The world is rapidly depleting its oil reserves, putting increased pressure on President Trump to strike a deal with Iran that would quickly get more fuel out of the Persian Gulf.
Vast stocks of oil, gasoline and other fuels have helped fill the global energy supply gap created by the U.S.-Israeli war with Iran. But these reserves, which companies and governments store in huge steel storage tanks and underground salt caverns, are running out in places. This week, U.S. government inventories were on track to hit their lowest level since 1983.
The worrying step was overshadowed by Mr. Trump’s announcement on Thursday that the United States and Iran were close to reaching a peace deal. His statements caused international oil prices to fall below $90 per barrel, well above pre-war prices but far from the highs reached earlier in the war.
Yet the consequences of a truce are far from clear. Unless the supply of oil and fuels improves – and quickly – consumers around the world could face much higher energy costs.
There is little consensus on when or where this might peak, but energy experts largely agree that until more oil can flow through the Strait of Hormuz, the narrow waterway off Iran’s southern coast, the market will remain extremely fragile.
“Soon we will run out of shock absorbers,” said Antoine Halff, co-founder of research firm Kayrros and former chief oil analyst at the International Energy Agency.

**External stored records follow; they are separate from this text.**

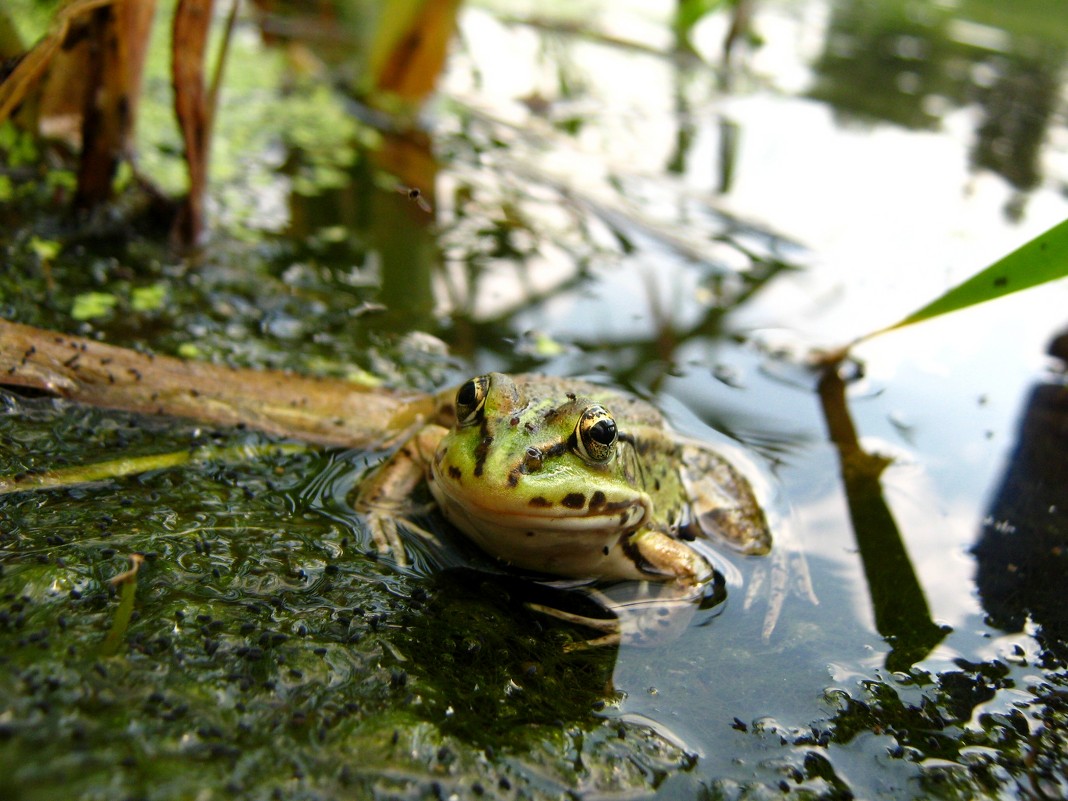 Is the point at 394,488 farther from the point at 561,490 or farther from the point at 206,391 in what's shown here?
the point at 206,391

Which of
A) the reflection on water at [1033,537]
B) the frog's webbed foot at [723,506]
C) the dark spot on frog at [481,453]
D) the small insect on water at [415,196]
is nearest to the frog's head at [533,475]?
the dark spot on frog at [481,453]

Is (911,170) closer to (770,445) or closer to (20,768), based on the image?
(770,445)

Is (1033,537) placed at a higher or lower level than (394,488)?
lower

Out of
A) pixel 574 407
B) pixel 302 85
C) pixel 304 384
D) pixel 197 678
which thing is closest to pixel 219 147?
pixel 302 85

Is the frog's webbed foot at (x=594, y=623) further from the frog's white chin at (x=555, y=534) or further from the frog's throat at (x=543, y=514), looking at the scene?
the frog's throat at (x=543, y=514)

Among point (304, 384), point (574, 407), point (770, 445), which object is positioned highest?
point (574, 407)

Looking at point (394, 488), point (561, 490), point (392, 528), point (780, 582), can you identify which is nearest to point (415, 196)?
point (394, 488)

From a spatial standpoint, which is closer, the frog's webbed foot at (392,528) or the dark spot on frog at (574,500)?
the dark spot on frog at (574,500)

The world uses around 100 million barrels of oil every day. Reserves have fallen particularly quickly in countries that rely heavily on imports, such as Japan and South Korea. The United States, the world’s top oil producer, is also emptying its tanks as companies increase exports to supply the rest of the world.
The Persian Gulf countries, on the other hand, have built up stocks, and this is not by choice. The closure of the strait means that most of them can sell much less oil than usual and are therefore stuck with much more fuel. Some have managed to get more ships through the strait in recent weeks, bringing some relief.
And then there is China. The country has what is widely considered the world’s largest oil reserves — about a third of all known reserves, according to research firm Kpler — and appears to have barely touched it. It is possible, Mr. Halff said, that China is exploiting underground reserves that are more difficult to monitor.
“China is one of the biggest question marks, one of the biggest puzzles,” Mr. Halff said.
The picture becomes more troubling when looking at stocks of specific fuels. Reserves of gasoline and fuel oil, used for heating, are particularly low around the world, especially at this time of year.
Yet the world is not yet facing widespread shortages.
“We have less oil in the world, and it’s starting to show up around corners here to show up in end-use markets,” said Rick Joswick, an oil analyst for S&P Global Energy. “But there’s no smoking gun that I can point to and say, ‘Aha, these airports aren’t getting their jet fuel, or these consumers can’t get their gasoline.'”
In countries like the United States, pump prices would likely rise well before fuel tanks run out, analysts say. Coastal regions like the Northeast and California, which rely largely on imported oil and gasoline, are particularly vulnerable to rising prices.
Still, it is very difficult to predict when and where fuel supplies might drop enough for this to happen.
“There are different choke points, and it’s very difficult to determine which one might appear first,” said Daniel Sternoff, a senior fellow at Columbia University’s Center on Global Energy Policy.
To understand why, just look at jet fuel. At the start of the war, many analysts and executives feared that some European airports, which buy a lot of jet fuel from the Persian Gulf, would not have enough to allow planes to take off. Refining companies, which turn oil into fuels, have responded to high prices by increasing jet fuel production while producing less gasoline.
U.S. oil reserves are owned by corporations or the government. Government reserves, known as the Strategic Petroleum Reserve, or SPR, are essentially a last line of defense, available in case of emergency.
The United States is halfway through a withdrawal of 172 million barrels, one of the largest ever. That will leave the reserve, a collection of salt caverns in Texas and Louisiana, emptier than it has been in nearly half a century, shortly after the 1970s oil crisis, when it was first filled.
There is still plenty of corporate-owned oil available in the United States and elsewhere. But the depletion of the SPR will leave the federal government with less flexibility to support the market if the United States and Iran fail to reach a deal or if shipping remains limited.